### Problem requirements:
Go to the line with "ideal smile picture" in the entries below and write out every line from there through the line with "Draagbaar Diabetisch Voetmodel", exactly and without pictures.

[Captioned web images]
┏━━
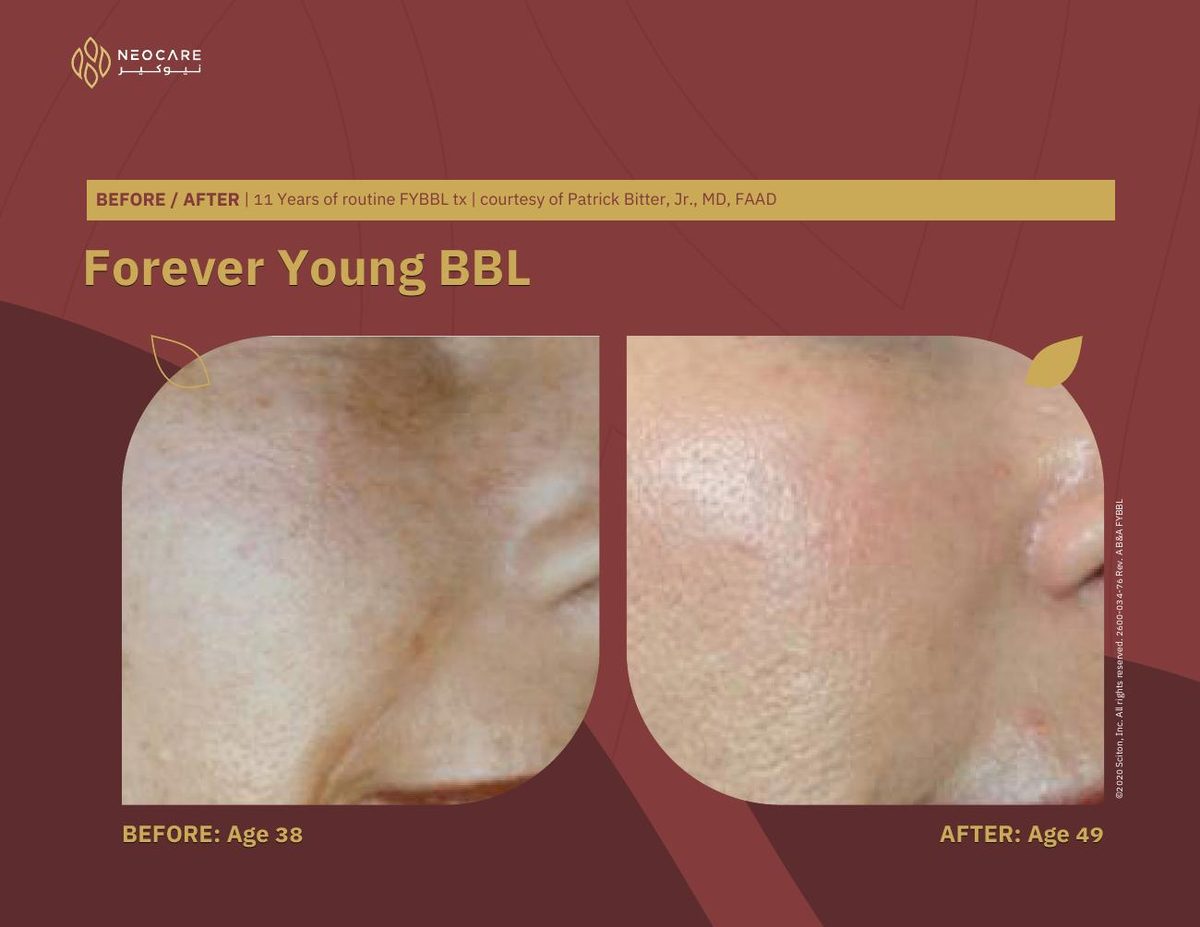 Forever Young BBL before and after 9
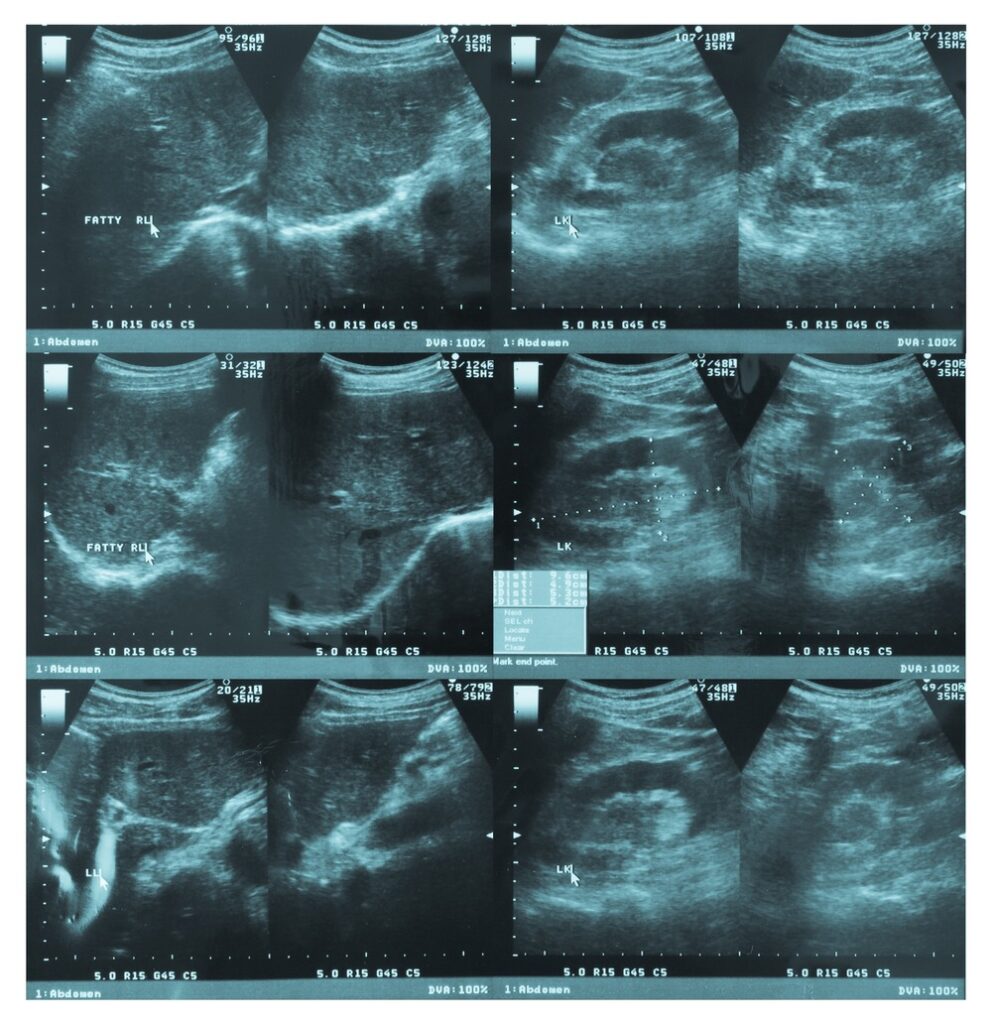 fertility pelvic scan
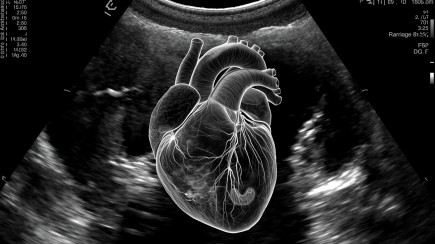 Ultrazvuk srca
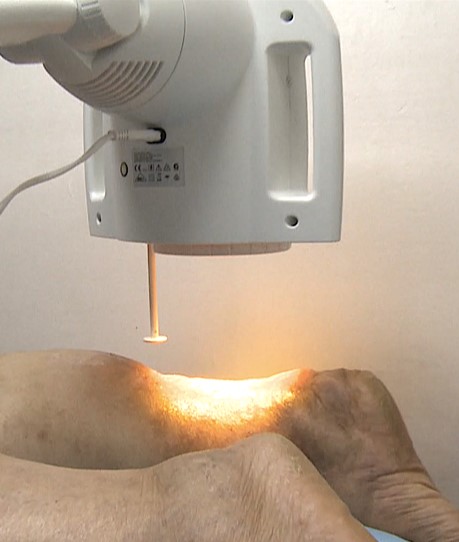 Terapia Bioptron Hyperlight w leczeniu owrzodzenia stopy cukrzycowej - Testimonial photo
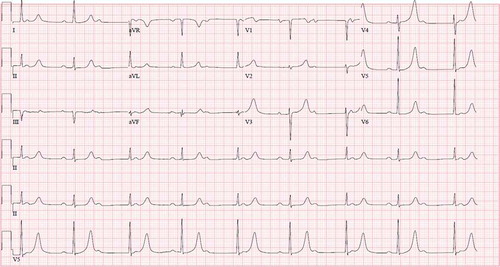 Figure 1. Complete Heart block with heart rate around 50 beats/min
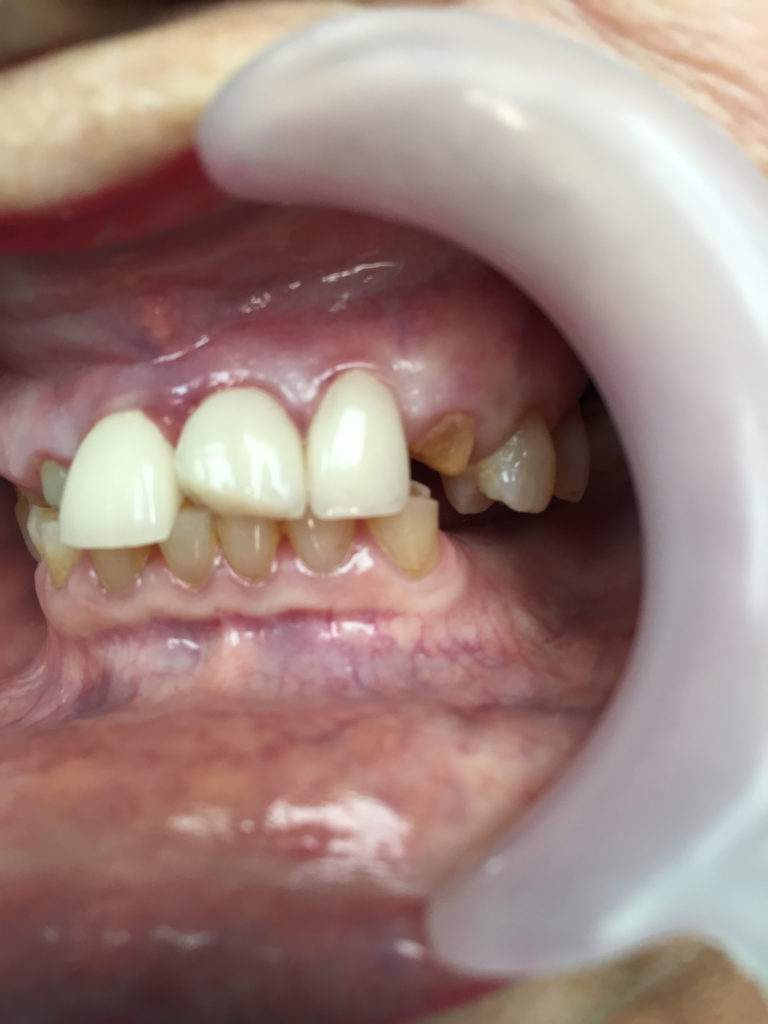 Caso-Dental-Mayo-2015-1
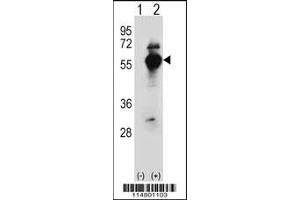 Western blot analysis of DARS using rabbit polyclonal DARS Antibody using 293 cell lysates (2 ug/lane) either nontransfected (Lane 1) or transiently transfected (Lane 2) with the DARS gene. (DARS Antikörper  (N-Term))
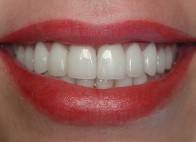 ideal smile picture for san diego cosmetic dentist best porcelain dental veneers before after 11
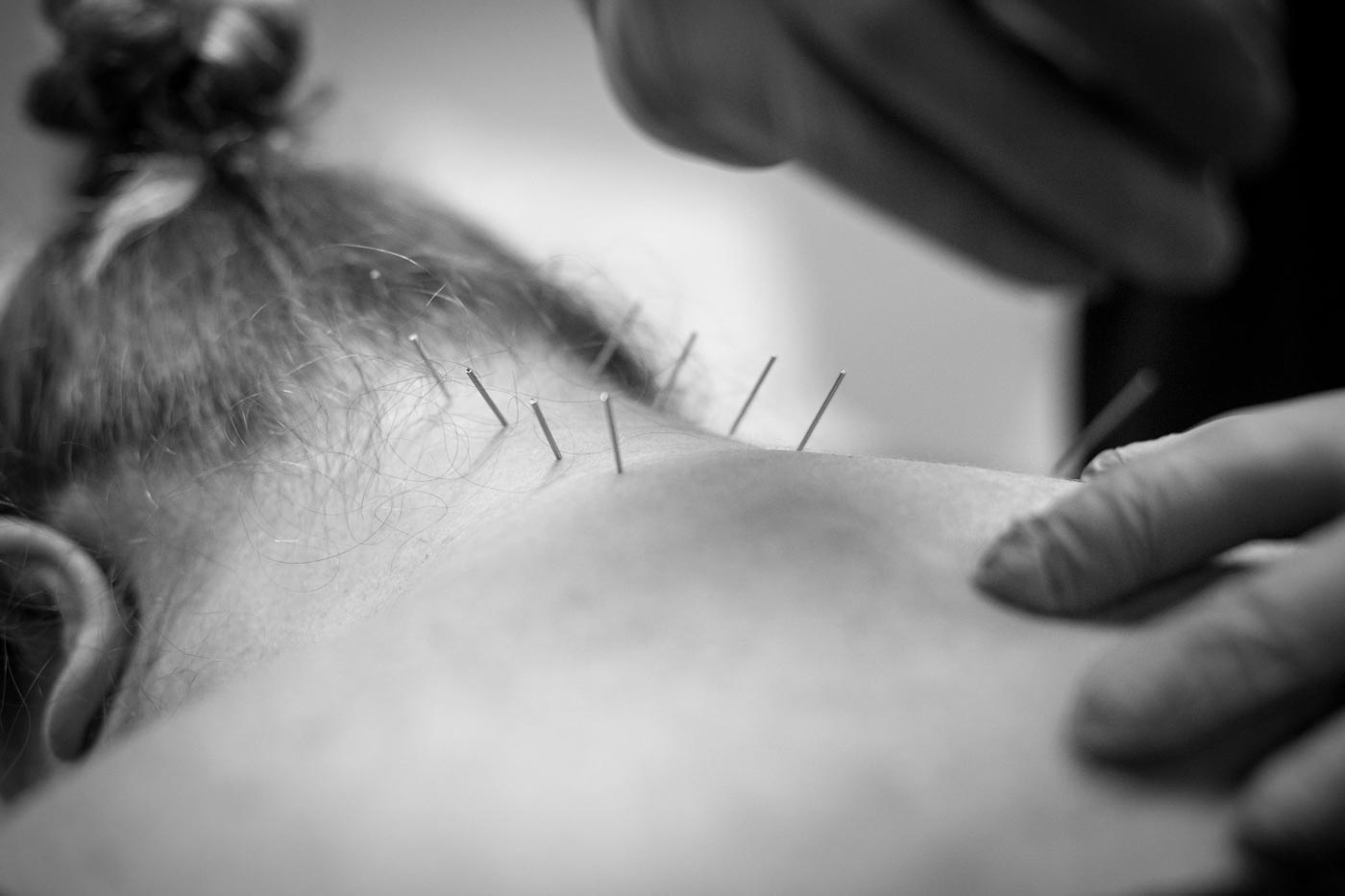 branding photographer memphis tennessee prefocus solutions close up of dry needling on neck of physical therapy patient black and white website portraits ob ms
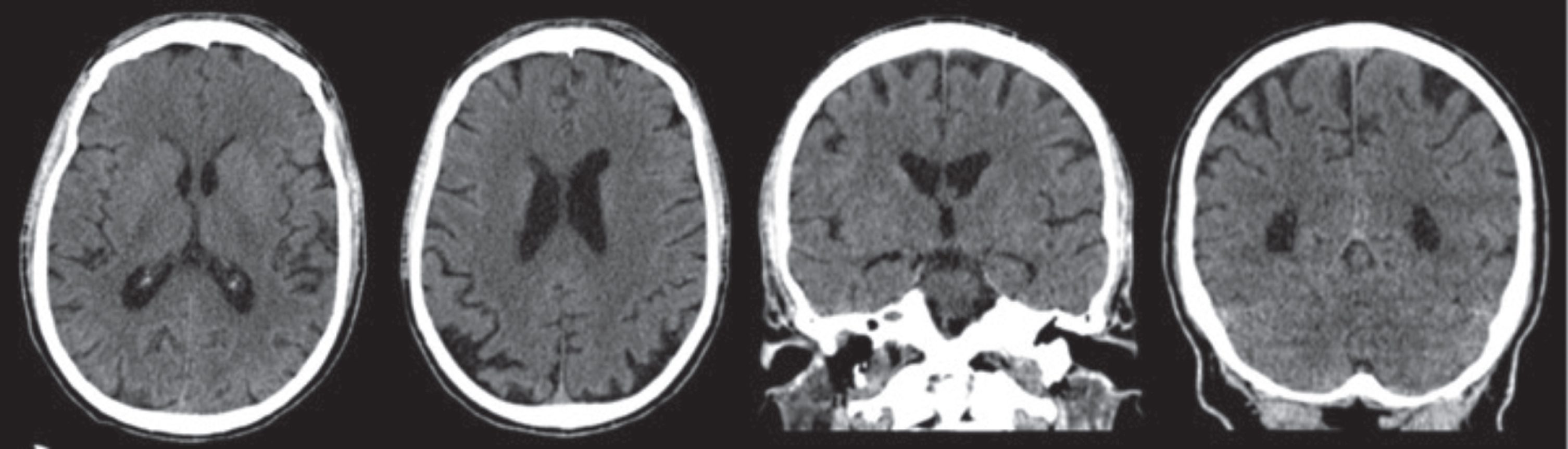 CT scan (December 18, 2018), with no contrast, showing a modest enlargement of subarachnoid spaces of the vault with bilateral parietal cortical atrophy and atrophy of posterior cortex especially in the higher sections. The hippocampus and the mesial temporal area appear fairly preserved. Sagittal section not available.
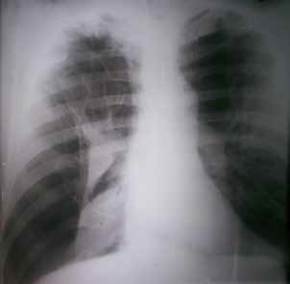 Radiograf&iacute;a de t&oacute;rax, postero-anterior y en bi-pedestaci&oacute;n, en la que se observa el colapso del pulm&oacute;n derecho con m&uacute;ltiples bullas enfisematosas en ambos campos pulmonares.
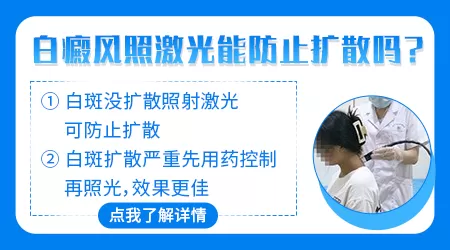 308治白癜风一边好转一边新发白斑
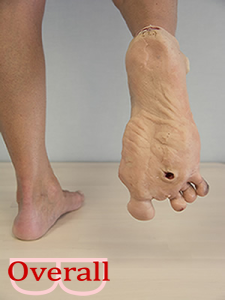 Draagbaar Diabetisch Voetmodel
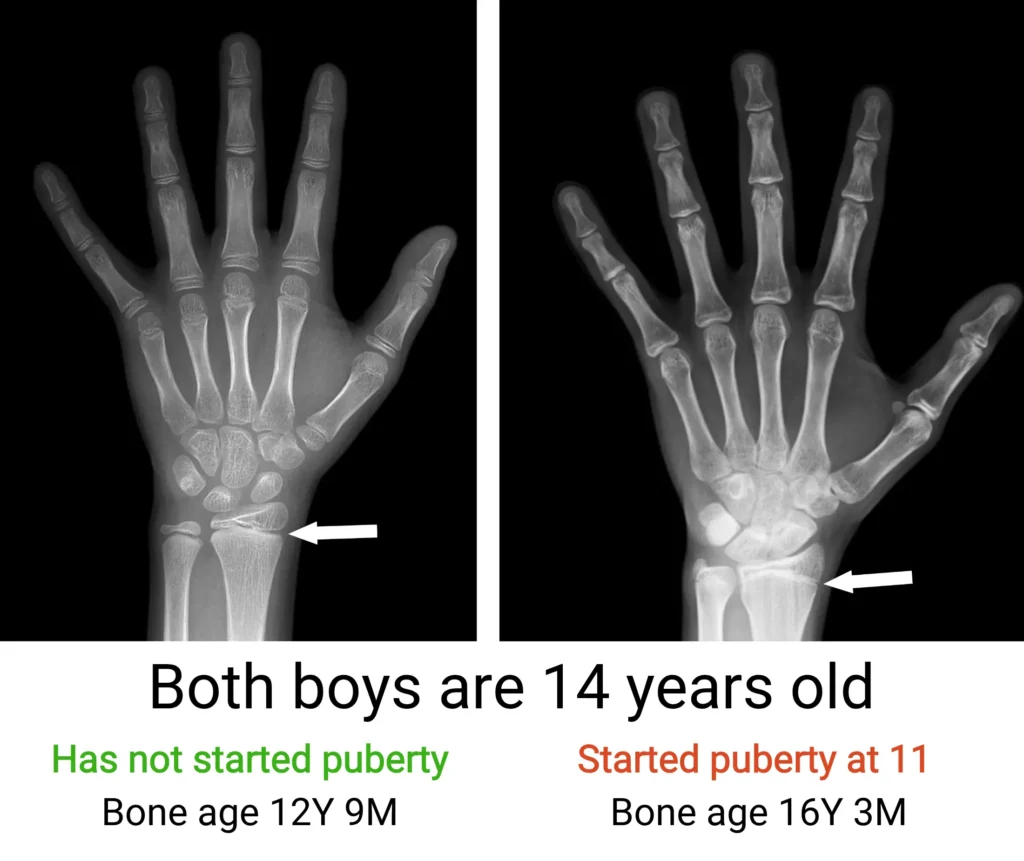 Side-by-side hand X-ray comparison of two 14-year-old boys at I Grow Clinic. The boy who started puberty at 11 has a bone age of 16 years 3 months, while the boy who has not yet started puberty has a bone age of 12 years 9 months, showing how early puberty accelerates bone maturation and compresses the growth window.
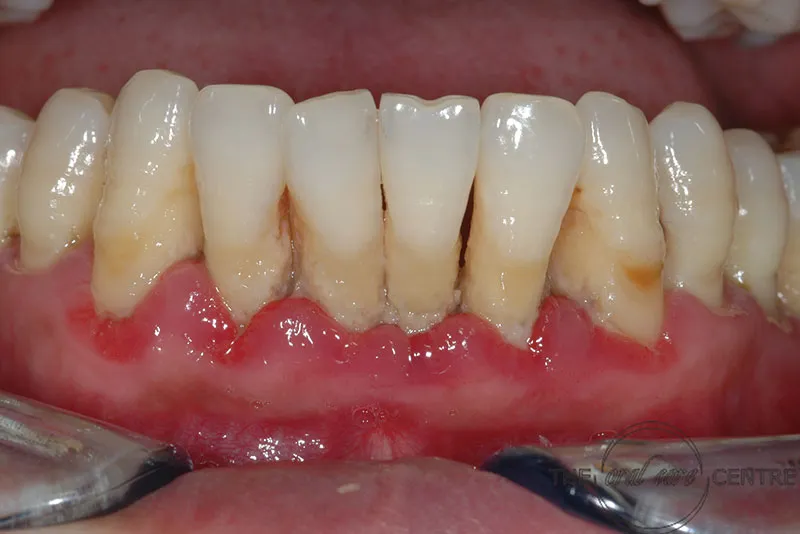 Biểu hiện của tụt nướu răng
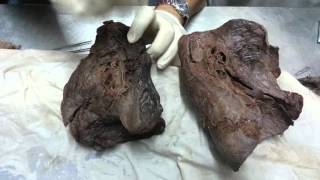 Dr.Ahmed Elzainy heart&lung  (practical)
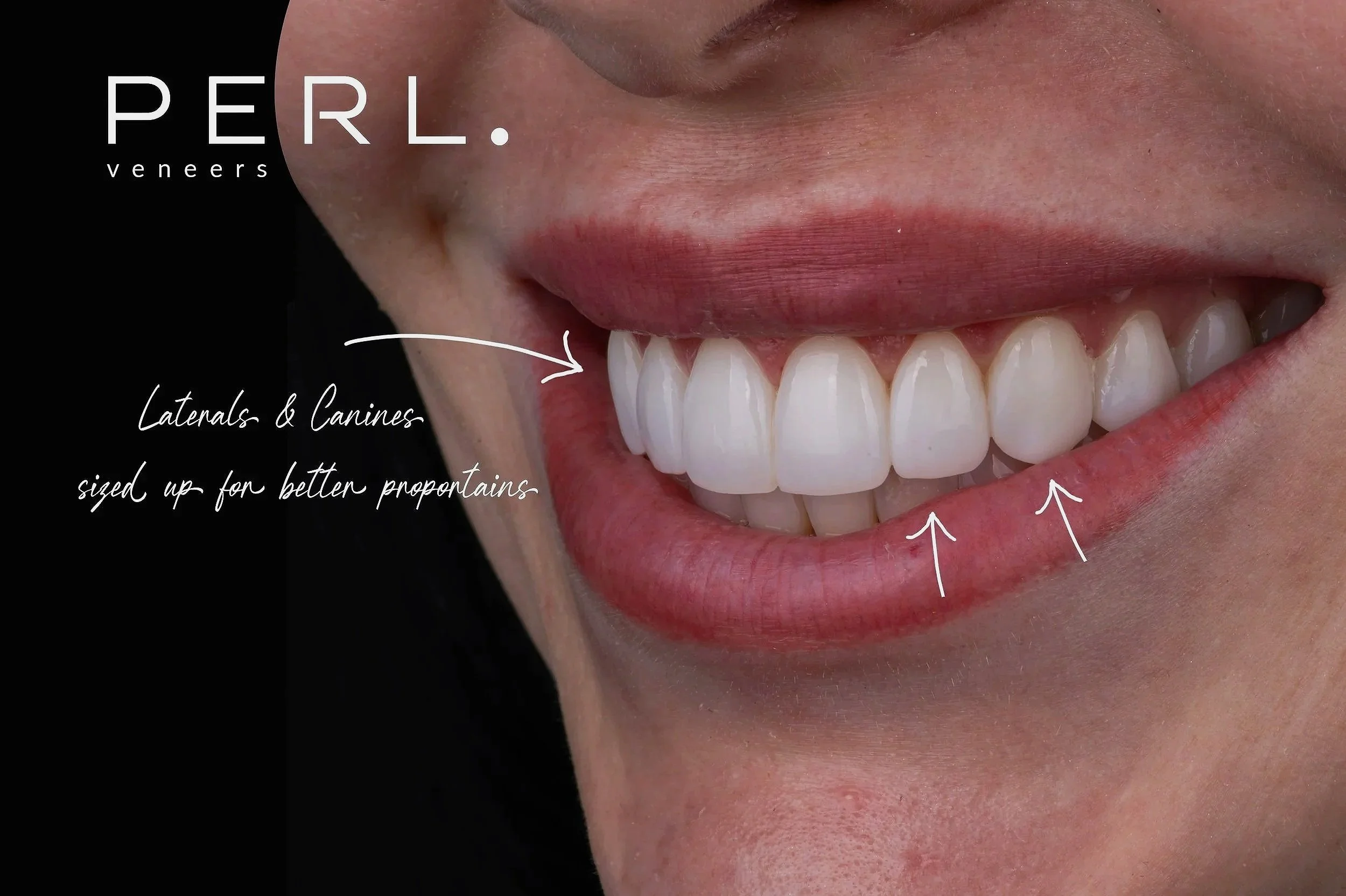 Close-up of a person's smile revealing upper front teeth, with handwritten annotations pointing to the lateral and canine teeth, and text indicating the focus on veneers sized for better proportions.
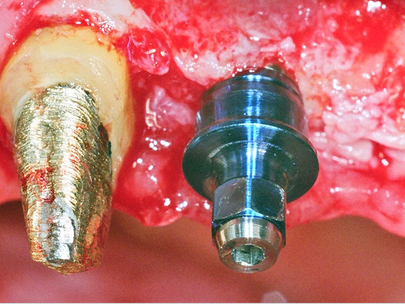 O tratamento com implantes dentários e as redes sociais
┗━━
### Answer:
 ideal smile picture for san diego cosmetic dentist best porcelain dental veneers before after 11
 branding photographer memphis tennessee prefocus solutions close up of dry needling on neck of physical therapy patient black and white website portraits ob ms
 CT scan (December 18, 2018), with no contrast, showing a modest enlargement of subarachnoid spaces of the vault with bilateral parietal cortical atrophy and atrophy of posterior cortex especially in the higher sections. The hippocampus and the mesial temporal area appear fairly preserved. Sagittal section not available.
 Radiograf&iacute;a de t&oacute;rax, postero-anterior y en bi-pedestaci&oacute;n, en la que se observa el colapso del pulm&oacute;n derecho con m&uacute;ltiples bullas enfisematosas en ambos campos pulmonares.
 308治白癜风一边好转一边新发白斑
 Draagbaar Diabetisch Voetmodel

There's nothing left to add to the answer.